Which techniques can I use to select the important variables that I should keep?

Question

In a project that I'm working in, there are 5 equal soil humidity sensors displayed in the exact same point but at different depths (20,40,60,80 and 100cm from the surface, respectively). Therefore, each sensor measures the humidity level at these different depths providing info that is later used into a prediction model (including some other variables though). As the differences of conditions between each sensor vary so little, there's little difference and a high linear correlation between each sensor.

How can I select a subset of this sensors (without having a response variable) or demonstrate that among those variables there is redundant information (if it is redundant) and so I can dispense with using some of them, considering that the fewer sensors I use, the cheaper the system gets?

?cm I presume. And, BTW you cannot determine what contributes to a model without having a model.
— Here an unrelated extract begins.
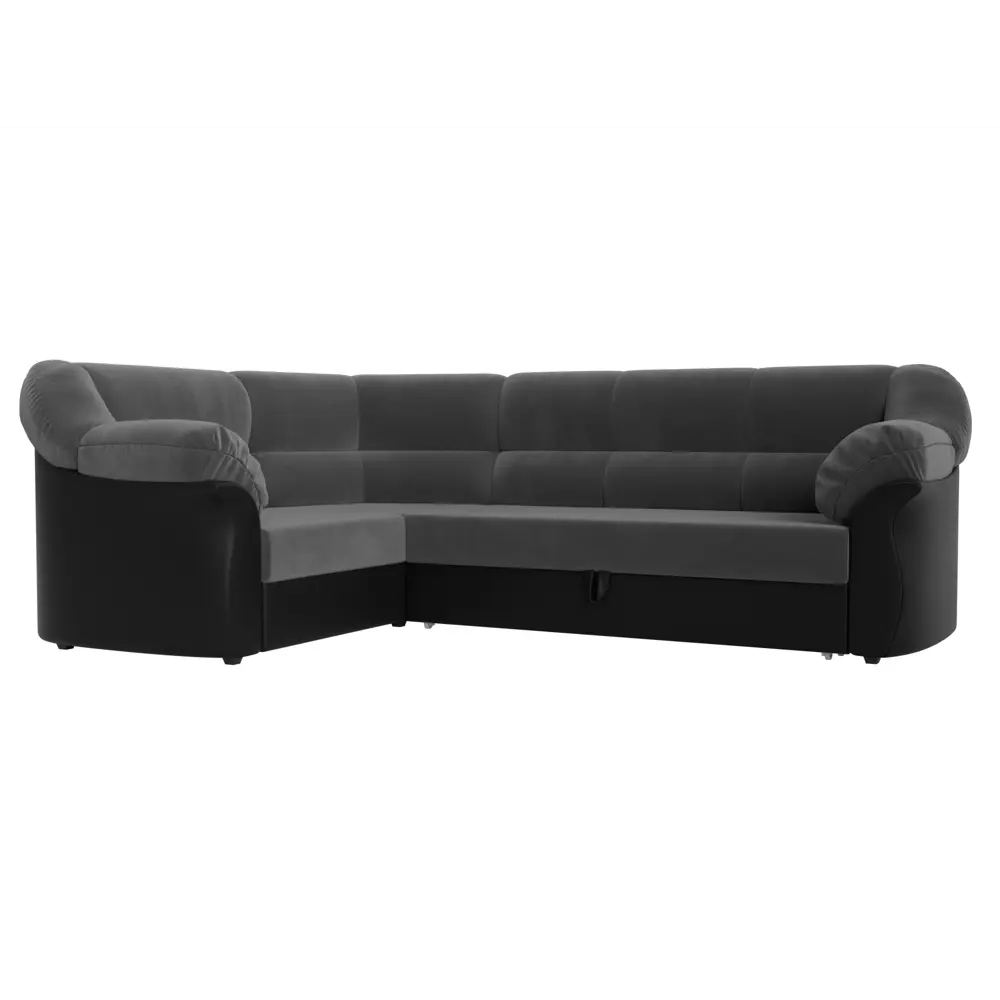 Фото Диван Лига Диванов Карнелла 105901L 260x93x182 см велюр цвет серый Фото Диван Лига Диванов Карнелла 105901L 260x93x182 см велюр цвет серый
When you include a predicted (dependent) variable, then you can use ANOVA to determine which independent parameters (sensors) can be despensed with. — Carl, Oct 25 '16 at 04:07

score 1 · Accepted Answer · answered Oct 25 '16 at 10:17

1

Without examining the relation of the candidate predictors to the response, you can perform a redundancy analysis to determine how well each can be predicted from the others, or from subsets of the others.

The idea is to regress $x_1$ on $x_2, \ldots, x_5$, then $x_2$ on $x_1, x_3, \ldots, x_5$, & so on. A high coefficient of determination for a regression with $x_i$ as response suggests $x_i$ might be considered redundant. You can follow a stepwise procedure of removing the most redundant variable & repeating the analysis—but be sure to continue checking how well excluded variables are predicted by reduced subsets. It would usually be sensible to allow for curvilinear relations, say by using a spline basis function for predictors. Have a look at the redun function in Frank Harrell's Hmisc package for R.
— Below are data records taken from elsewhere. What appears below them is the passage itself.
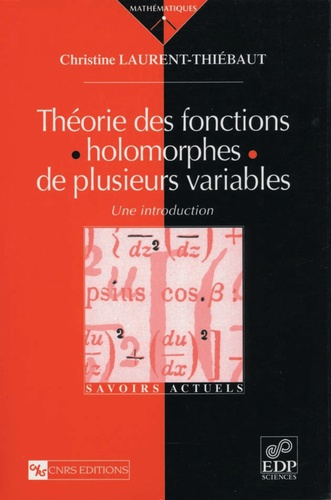 Emprunter THEORIE DES FONCTIONS HOLOMORPHES DE PLUSIEURS VARIABLES livre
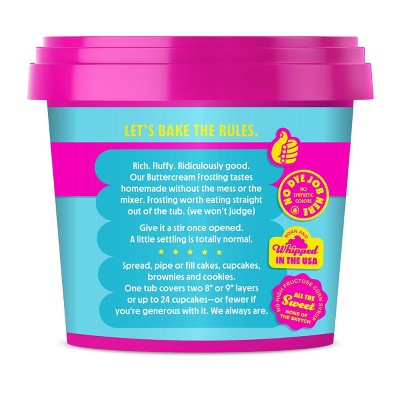 Piiper Vanilla Vibes Buttercream Frosting - 16oz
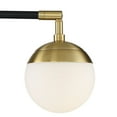 thumbnail image 4 of Possini Euro Design Rayne Modern Arc Floor Lamp 72" Tall Gold Black 3 Light LED Adjustable Arm Frosted Glass Globe Shade for Living Room Reading Home, 4 of 10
There aren't any guarantees, of course, that slight variations in the profile of soil humidity by depth aren't highly predictive of whatever it is you want to predict—that's a possibility you need to be confident in rejecting before carrying on with any form of data reduction.

answered Oct 25 '16 at 10:17

Scortchi - Reinstate Monica

27,560
8
81
248

2

Because this answer appears not to use the prediction model at all, and it's the model that matters to the OP, it's difficult to see why this procedure would work. As a concrete example of how it could fail dramatically, suppose the prediction model depends on--and is exquisitely sensitive to--the *moisture differences* between the deep ($x_5$) and surface ($x_1$) soils. Suppose that $x_i = 1 - i x_5$ for $i=1,2,3,4$: each with maximal coefficient of determination. Then you would eliminate all the sensors except for $x_5$--from which (alone) the essential information cannot be recovered. – whuber Oct 25 '16 at 16:45
2

@whuber: Thanks! That's the kind of possibility I was trying to get at in my last paragraph, though the caveat was vague & woefully understated. Nick Stauner has compiled some real-life examples in the similar context of principal component regression: [Low variance components in PCA, are they really just noise? Is there any way to test for it?](http://stats.stackexchange.com/a/87231/17230). Furthermore, in this case, even if a relation between the response & humidity gradient is unlikely, it seems a little silly to completely ignore the quantitative information about the depth of each sensor – Scortchi - Reinstate Monica Oct 26 '16 at 08:36
This answer does address the New User's constraints. It is clearly stated, in the second paragraph, that there is no response variable. So how can you do a regression with out a response variable? – grldsndrs Oct 27 '16 at 07:32
Thanks for all the comments! But having in mind the fact that each sensor is highly linearly correlated to each other, except the one at the deeper position, the results show a high coeficient of determination for whatever sensor I choose to regress. – NewUser Oct 31 '16 at 15:29
Something I should've said in the main question, is that the selection aims to recover the info for all the sensors just from the ones that have been choose once they are instaled in other similar fields. In summary Select fewer sensors from a group of 4 or 5 Instal the subgroup in other equivalent fields From the subgroup of sensors, generate the data of the missing sensors. @whuber – NewUser Oct 31 '16 at 15:38
1

(1) I don't understand the "but" in your first comment - what you describe doesn't present any problem. (2) The regressions from the redundancy analysis can be used to predict observations from missing sensors - if you can assume that the same relationships hold in different fields. (3) Do bear @whuber's comment in mind: it's only subject-matter knowledge that can allow you to dismiss residuals from one of these regressions as unimportant. Would a pilot study in which you actually measure the response be possible? [BTW you can edit your q. to include this info.] – Scortchi - Reinstate Monica Oct 31 '16 at 17:38
Thanks for the answers @Scortchi. One more thing ¿Do you know any papers/articles where this application of the regression have been used before? – NewUser Nov 02 '16 at 00:14

grldsndrs · Answer 2 · 2016-10-29T01:45:03.773

-3

Principal Component Analysis:

If you use PCA to solve this you could use each sensor as a dimension in a PCA and then use the Principle Component (sensor/sensors) to infer the depth/depths at which to place the acceptable number of sensors.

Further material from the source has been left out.